The blue-chip Dow dropped 1.0 percent in the session to 17,425.03, taking its annual loss to 2.2 percent.
But the tech-rich Nasdaq Composite Index proved a bright spot, ending 2015 with a gain of 5.7 percent despite dropping 1.2 percent to 5,007.41 in the last day of trade.
Analysts said the declines in Thursday's session should be taken with a grain of salt due to light trading volume ahead of the market's closure Friday for the New Year holiday and the incentive to sell stocks at the end of the year to book losses for tax purposes.
But the closing of the books on the worst year for the Dow and S&P 500 since 2008, after both repeatedly had punched through record highs during the year, left a sense of an end to the seven-year bull run since the financial crisis.

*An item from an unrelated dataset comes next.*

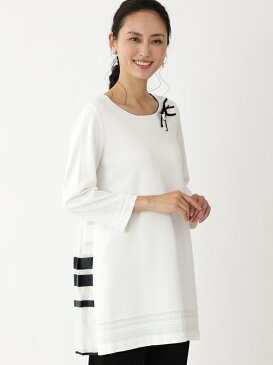 TO BE CHIC(大きいサイズ) 【L】パネルボーダーコンビ チュニック サンヨー エルサイズ シャツ/ブラウス シャツ/ブラウスその他 ブラック ホワイト【送料無料】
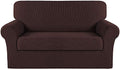 Turquoize Stretch Sofa Slipcover 2 Pieces Sofa Cover Couch Cover for 2 Cushion Couch Washable Furniture Protector Covers with Elastic Bottom Feature Thick Jacquard Fabric (Loveseat, Brown)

Jack Ablin, chief investment officer at BMO Global Asset Management, said he was "hopeful" about 2016, but listed a litany of possible problems, ranging from low commodity prices to still-high equity valuations and the Federal Reserve's move to lift interest rates.
"There are risks out there and the problem is the market isn't cheap, so it's going to take bad news hard if we get it," he said.
Wall Street appeared heading for another year of gains through August when a stretch of turbulence in Chinese equity markets ignited a global sell-off, pushing the S&P 500 below 1,900.
Stocks subsequently steadied, but trade was choppy in December, with weakness in oil prices often spurring equity selling.
Energy stocks were by far the laggard among industrial sectors, falling nearly 24 percent for the year, according to preliminary figures from S&P Capital IQ.
Sectors with gains included consumer discretionary, up 8.4 percent, and health care, up 5.2 percent after a wave of merger announcements, it said.
The flashiest gains came from technology companies like Netflix and Amazon, with respective jumps of 134 percent and 118 percent as they posted strong growth. That contrasted sharply with older companies like Procter & Gamble, Caterpillar and Macy's that saw revenues drop.
"2015 was a year where revenues were evasive and investors were attracted to companies that were able to grow their top line," Ablin said.
"That's the problem: for every Amazon, there's probably a half dozen Macy's that are down dramatically."